If those companies default, what little foreign investment coming into the country stops and the Russian economy falls further into disrepair and chaos.
ROTFLBTC. There was all the time more money going out of Russia than coming in. So, if there is an economy which does not depend on foreign investment, it is the Russian.
Yeah, the Russian government has bought and continues to prop up the ruble with its foreign currency reserves.
That it has some short time during the fall of the ruble a year or so ago I know. Actually it does not. If you want to claim it actually does, sources, please.
It doesn't have enough foreign currency reserve to pay off Russia's debt as you asserted and it doesn't have enough foreign currency reserves to prop up its currency on an extended basis.
As explained, they would be sufficient to pay the pure government debt, but not all the corporate debts. And there is no need to support the currency if the policy is to replace imports to make the state more independent given the repeated attacks from the West.
But they do work without pay, probably because they don't have alternatives.
Maybe. I don't know what happened in these particular cases, I would guess that these are only some temporary problems and the wages are simply paid too late.
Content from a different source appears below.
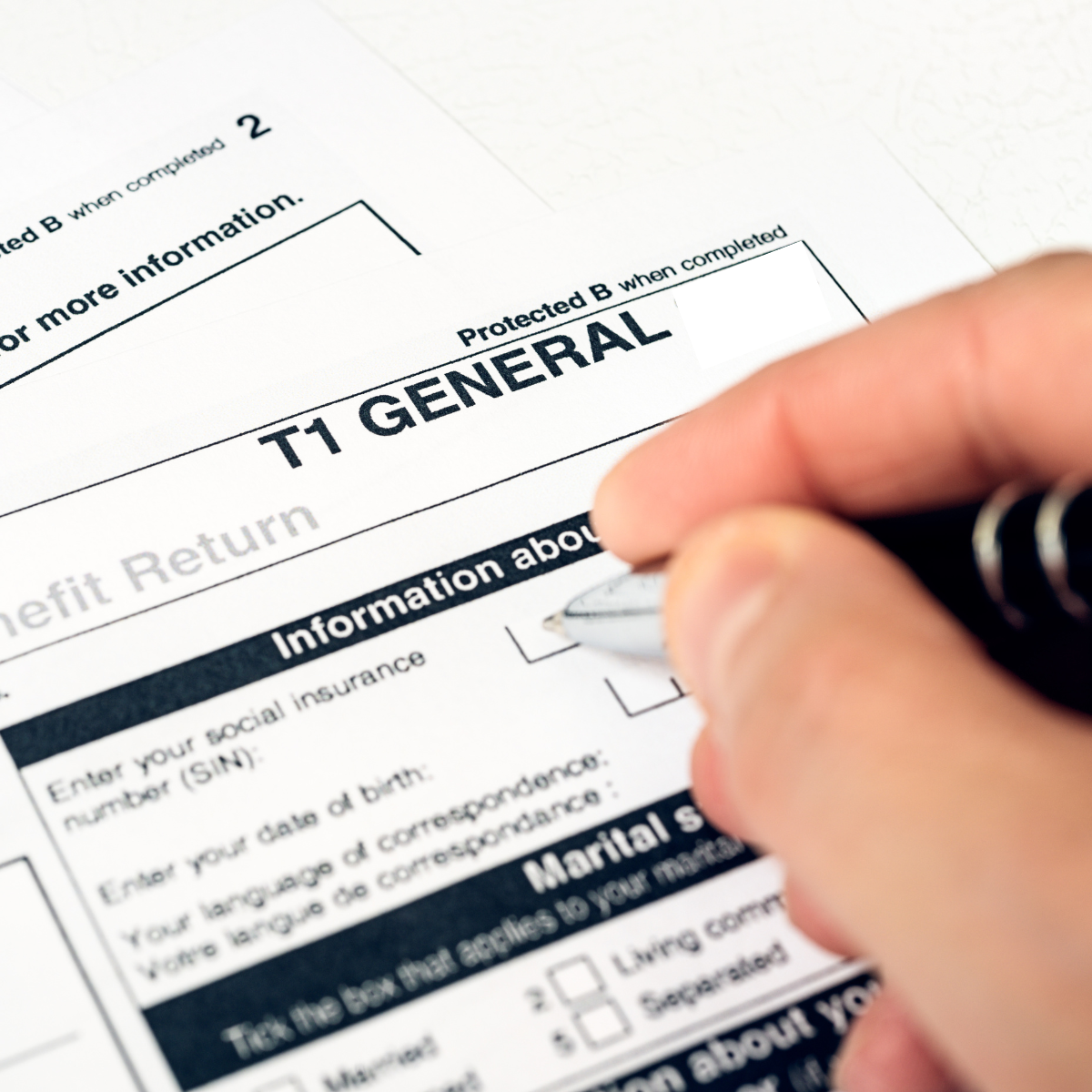 Tax Season: Getting To Know A T1 General Form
If there would be really serious problems, I would have heard this, in the Russian internet all the problems are discussed a lot, that's why it is almost impossible to spend there some time without getting information from various sides about currency reserves, debts, oil and its role and so on. So somehow your poor workers working without wages have not made it into memes of the runet. So I think it is a quite irrelevant problem.
The fact is credit rating agencies rate Mother Russia's debt as junk..meaning the risk of default is high. And that isn't political.
Given that it has economic consequences which are enforced by the government - namely, the overregulated Western banking sector depends, by law, for the evaluation of its reserves on these ratings, so that giving Russia a credit now, if not forbidden by some sanctions, becomes more costly, not because of any risk, but by law, it is really funny to think that it is not political.
Investors around the globe use these same credit rating agencies to rate debt, so they are better able to assess risk and invest accordingly. Russia's high risk credit rating makes debt very expensive for Mother Russia.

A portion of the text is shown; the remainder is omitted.